Он спал до вечера, блаженно растянувшись, разморенный хорошей едой и нормальной обстановкой. Коробейников сходил в буфет, набрал самой дорогой закуски, и проснувшись, всё это снова Петька одолел в один присест. В густой кучерявой шевелюре (иногда Коробейников думал про себя, откуда у Петьки эта кучерявая шевелюра – и у него, и у жены волосы прямые, жёсткие) заметил отец первые проблески седины и с грустью подумал: вот и младший начинает познавать лихо. На щиколотках ног появились глубокие язвы, наверное, от сапог – Петька служил в пехотной бригаде и, видать, нелегко служба ему доставалась. С грустью подумал, как повзрослел сын, даже во взгляде появился какой-то мудрый отблеск.

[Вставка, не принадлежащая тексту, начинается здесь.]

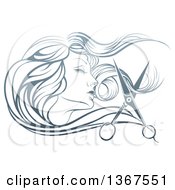 Clipart Of A Beatiful Womans Face In Profile With Long Hair And Scissors Snipping Off A Lock Royalty Free Vector Illustration by AtStockIllustration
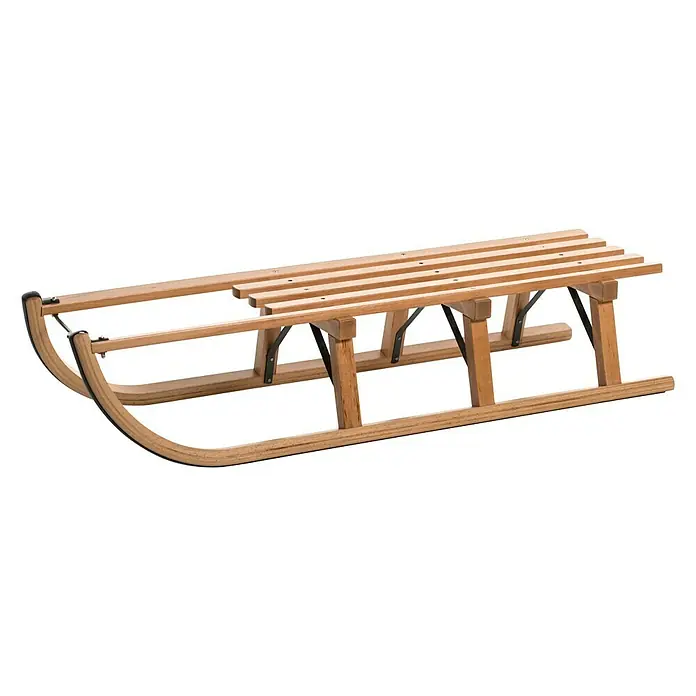 Sirch Schlitten Davos - L x B: 110 x 38 cm, Holz - Dieses Bild zeigt einen klassischen Holzschlitten mit Kufen. Der Schlitten hat eine Sitzfläche aus Holzlatten.
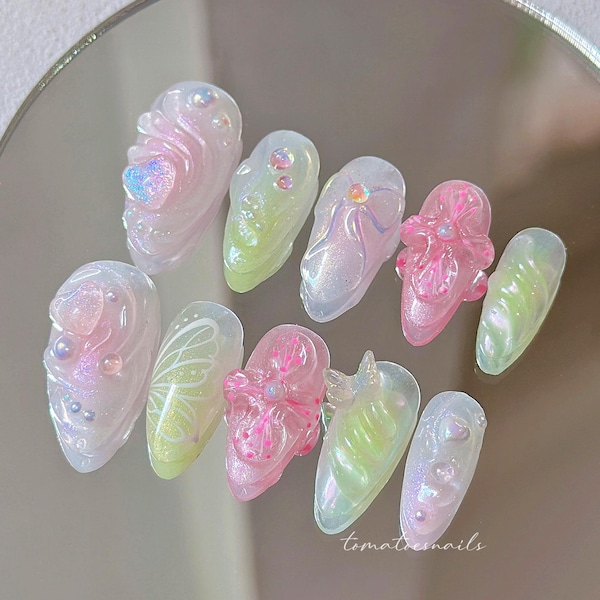 Alas de orquídea de hada, uñas de flores 3D, uñas con núcleo de hada, uñas lindas Y2k, uñas rosas, uñas de mariposa, uñas de hada verde, uñas con aerógrafo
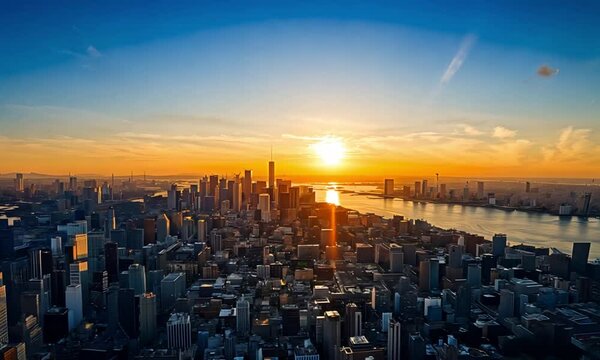 Aerial View of Urban Skyline at Twilight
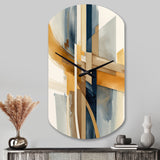 Modern Blue And Gold Abstract I - Asymmetric Metal Wall Clock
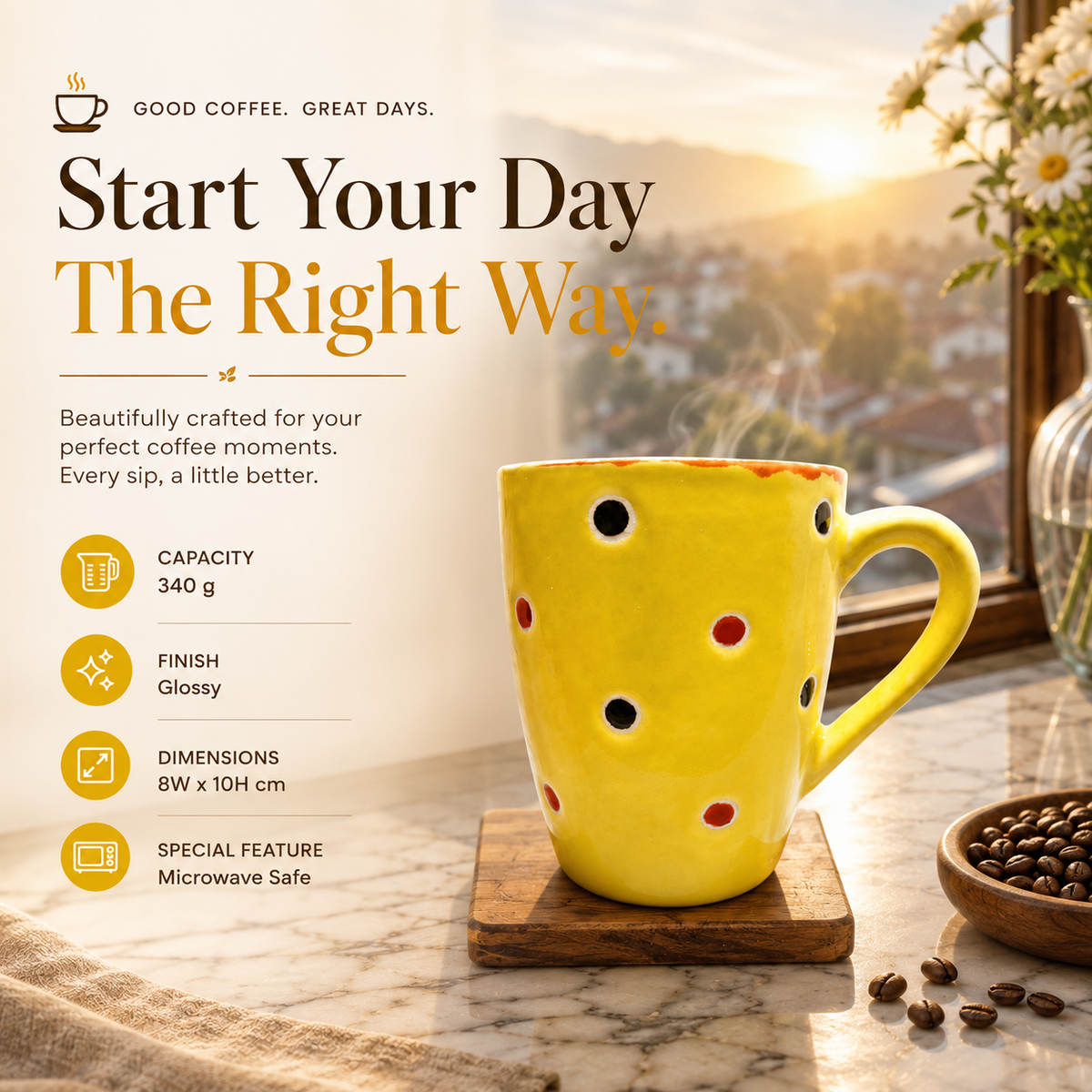 Bhokals Dots Printed Yellow Orange Coffee Mug
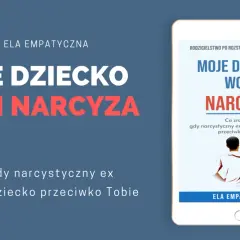 Ebook "Moje dziecko woli narcyza" o tym, gdy ojciec nastawia dziecko przeciwko matce. Ilustracja ojca z dzieckiem.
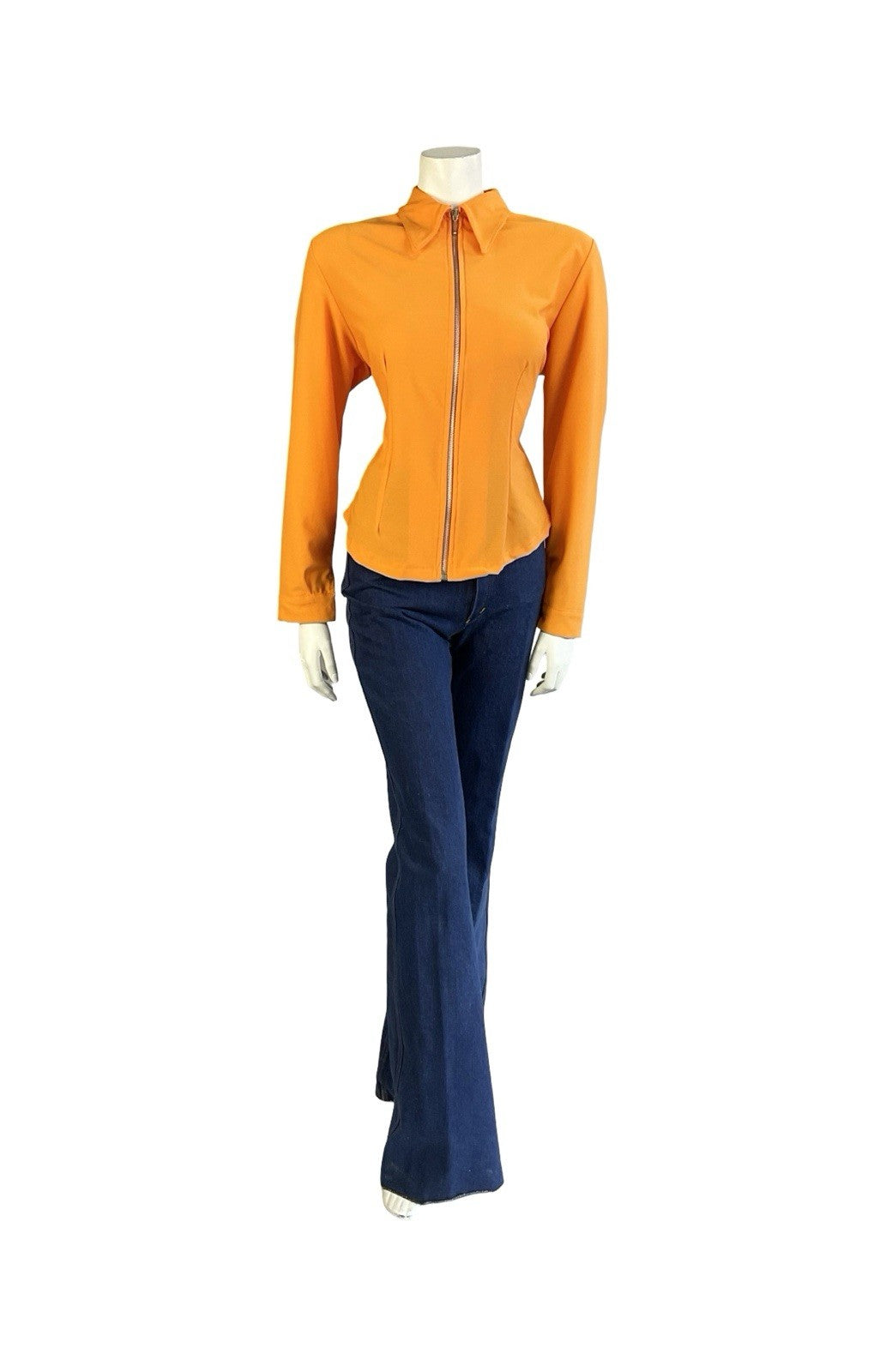 VTG 60S SPACE AGE MOD GOGO BRIGHT ORANGE ZIP UP DAGGER COLLAR SHIRT 12 14 M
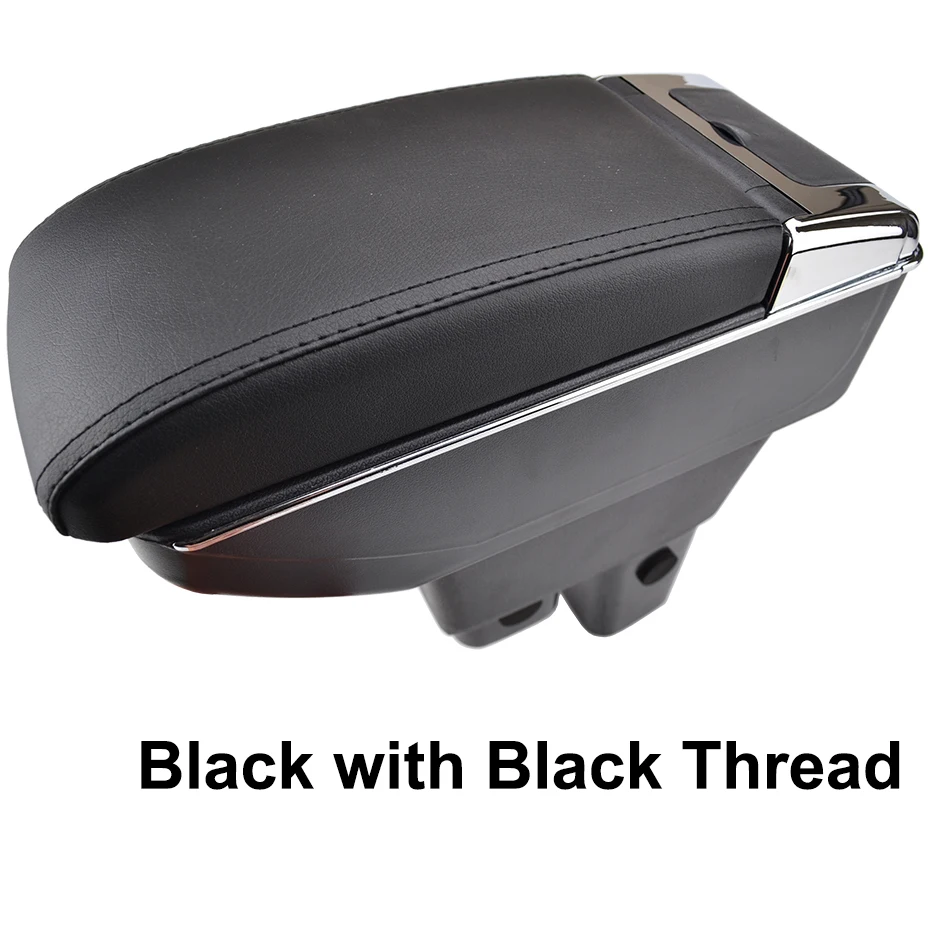 Black Thread Автомобильный ящик для хранения центр консоли кожаный двойной Слои держатель стаканов для Honda Jazz Fit 2009-2013 2010 2011 2012 - Название цвета: Black Thread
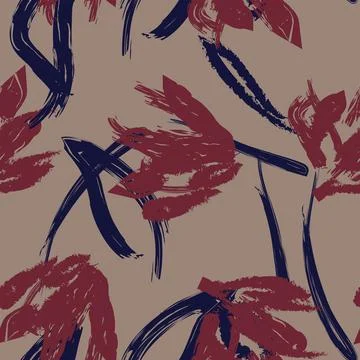 Floral Brush strokes Seamless Pattern Design Stock Illustration
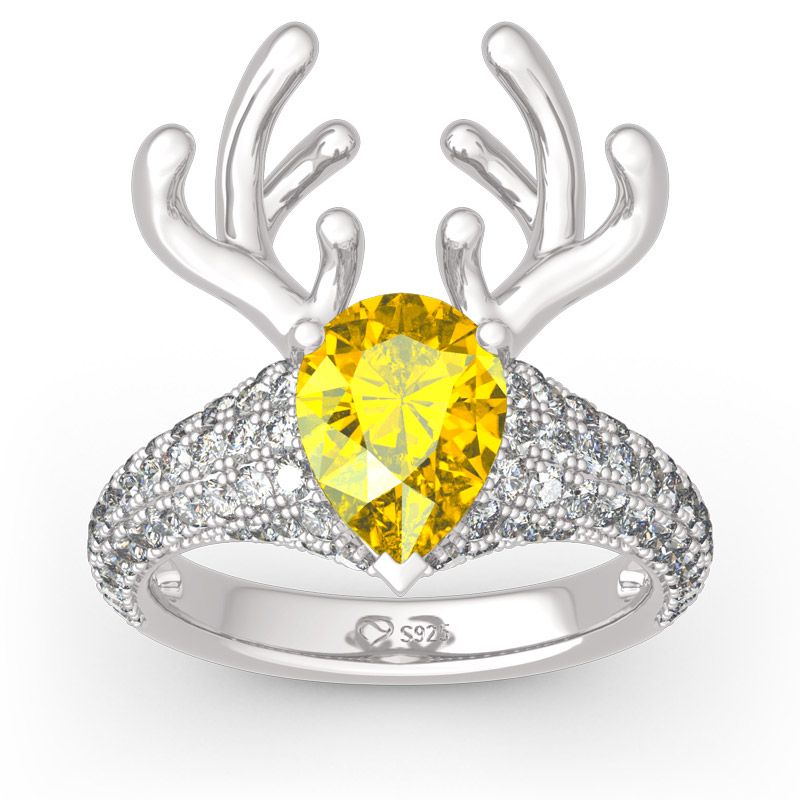 “Christmas Reindeer”Antler Pear Cut Sterling Silver Animal Ring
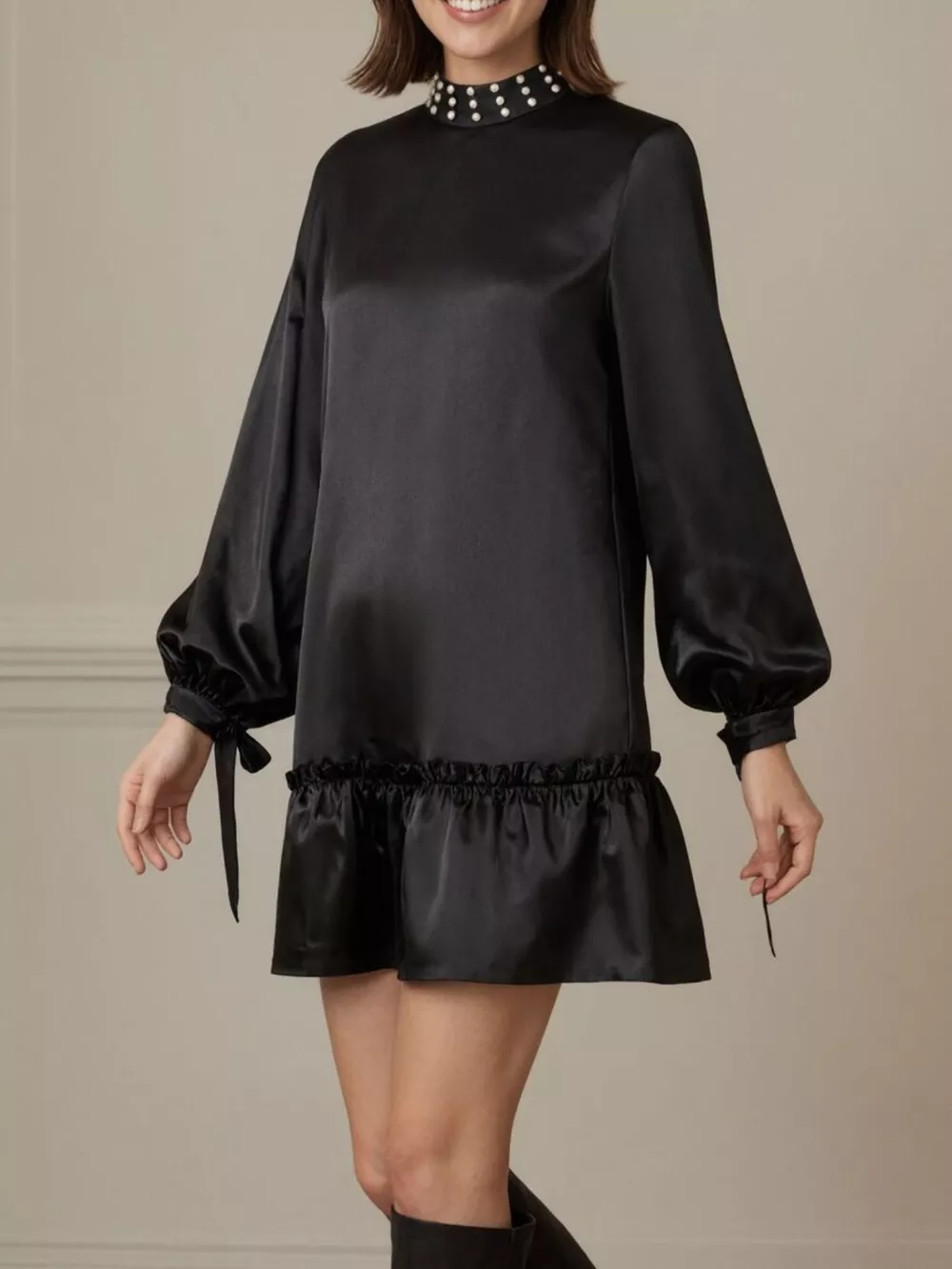 Pearl-Embellished Mock Neck Ruffle Hem Dress, image 2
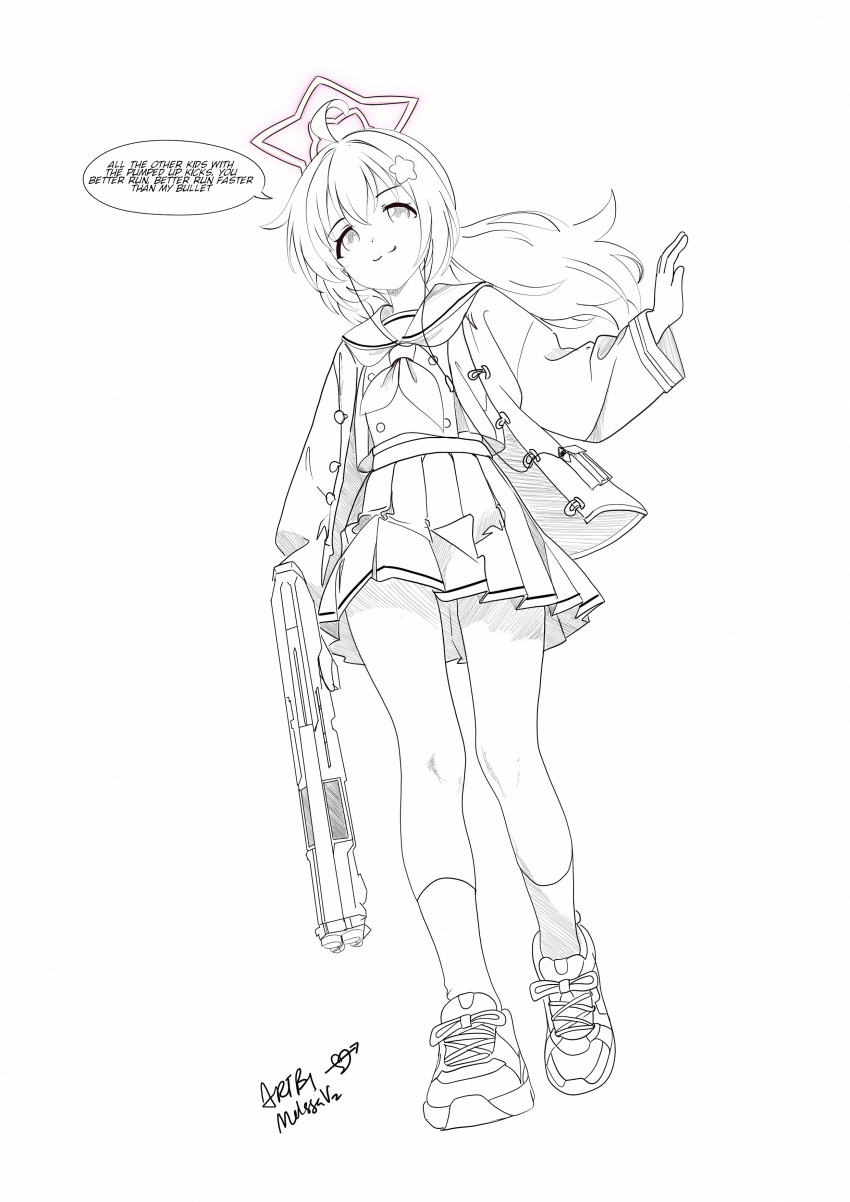 1girl, absurdres, ahoge, blue_archive, earphones, earphones, hair_ornament, halo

Петька снова завалился спать, как провалился в глубокую яму, даже дыханья его не было слышно. Михаил Петрович несколько раз вставал за ночь, тихо подходил к кровати, поправлял, как когда-то в детстве, сбившееся одеяло. Он долго размышлял, говорить или не говорить сыну о болезни, и в конце концов решил – пусть пока не знает, незнание как панцирь будет ему прикрытием, чтоб не потерял парень душевного равновесия, чтобы новые заботы не надорвали и не сломили его.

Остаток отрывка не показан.